Adaptive In-conversation Team Building for Language Model Agents

Leveraging multiple large language model (LLM) agents has shown to be a promising approach for tackling complex tasks, while the effective design of multiple agents for a particular application remains an art. It is thus intriguing to answer a critical question: Given a task, how can we build a team of LLM agents to solve it effectively? Our new adaptive team-building paradigm offers a flexible solution, realized through a novel agent design named Captain Agent. It dynamically forms and manages teams for each step of a task-solving process, utilizing nested group conversations and reflection to ensure diverse expertise and prevent stereotypical outputs. It allows for a flexible yet structured approach to problem-solving and can help reduce redundancy and enhance output diversity.
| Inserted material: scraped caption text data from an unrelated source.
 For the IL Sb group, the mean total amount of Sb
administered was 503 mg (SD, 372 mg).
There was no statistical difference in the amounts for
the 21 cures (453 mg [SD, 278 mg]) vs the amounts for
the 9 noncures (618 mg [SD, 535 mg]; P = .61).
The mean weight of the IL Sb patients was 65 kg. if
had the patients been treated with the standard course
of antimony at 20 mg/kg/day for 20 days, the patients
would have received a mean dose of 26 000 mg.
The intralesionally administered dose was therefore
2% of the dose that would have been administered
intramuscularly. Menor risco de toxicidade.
A comprehensive evaluation across six real-world scenarios demonstrates that Captain Agent significantly outperforms existing multi-agent methods with 21.94% improvement in average accuracy, providing outstanding performance without requiring task-specific prompt engineering.
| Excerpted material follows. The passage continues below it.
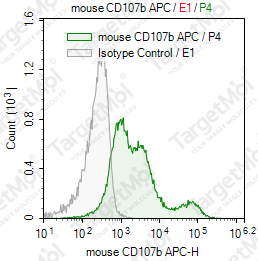 Anti-CD107b Antibody-APC (ABL-93)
Embodied LLM Agents Learn to Cooperate in Organized Teams

Large Language Models (LLMs) have emerged as integral tools for reasoning, planning, and decision-making, drawing upon their extensive world knowledge and proficiency in language-related tasks. LLMs thus hold tremendous potential for natural language interaction within multi-agent systems to foster cooperation. However, LLM agents tend to over-report and comply with any instruction, which may result in information redundancy and confusion in multi-agent cooperation. Inspired by human organizations, this paper introduces a framework that imposes prompt-based organization structures on LLM agents to mitigate these problems. Through a series of experiments with embodied LLM agents and human-agent collaboration, our results highlight the impact of designated leadership on team efficiency, shedding light on the leadership qualities displayed by LLM agents and their spontaneous cooperative behaviors. Further, we harness the potential of LLMs to propose enhanced organizational prompts, via a Criticize-Reflect process, resulting in novel organization structures that reduce communication costs and enhance team efficiency.
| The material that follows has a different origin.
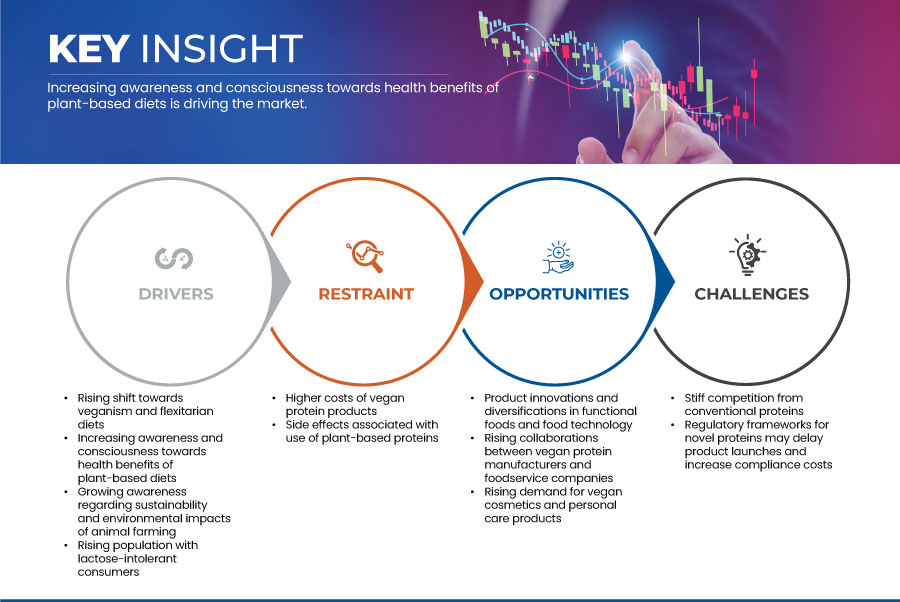 Vegan Protein Market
Training Language Model Agents without Modifying Language Models

Researchers and practitioners have recently reframed powerful Large Language Models (LLMs) as agents, enabling them to automate complex tasks largely via the use of specialized functions. To facilitate the development of LLM agents, we present a novel paradigm of training LLM agents without modifying the LLM weights, which is particularly useful when the LLMs are difficult or inaccessible for modifications. Inspired by how humans continuously forge tools to adapt to real-world tasks, rather than change our biological structure to fit a static set of tools, we propose to progressively forge agent's functions to better solve the downstream tasks instead of modifying the LLM weights. By treating the functions as learnable `agent parameters' and leveraging the fundamental idea of model training in artificial intelligence, we develop AgentOptimizer that employs the LLM to update agents' functions and devise an agent training algorithm with two strategies, roll-back, and early-stop, to streamline the training process. With extensive experiments, we showcase that the agent training paradigm could significantly improve the performance of representative LLM agents in various downstream tasks. We also study the behavior of the agent training regarding aspects like the learning curve and domain transferability.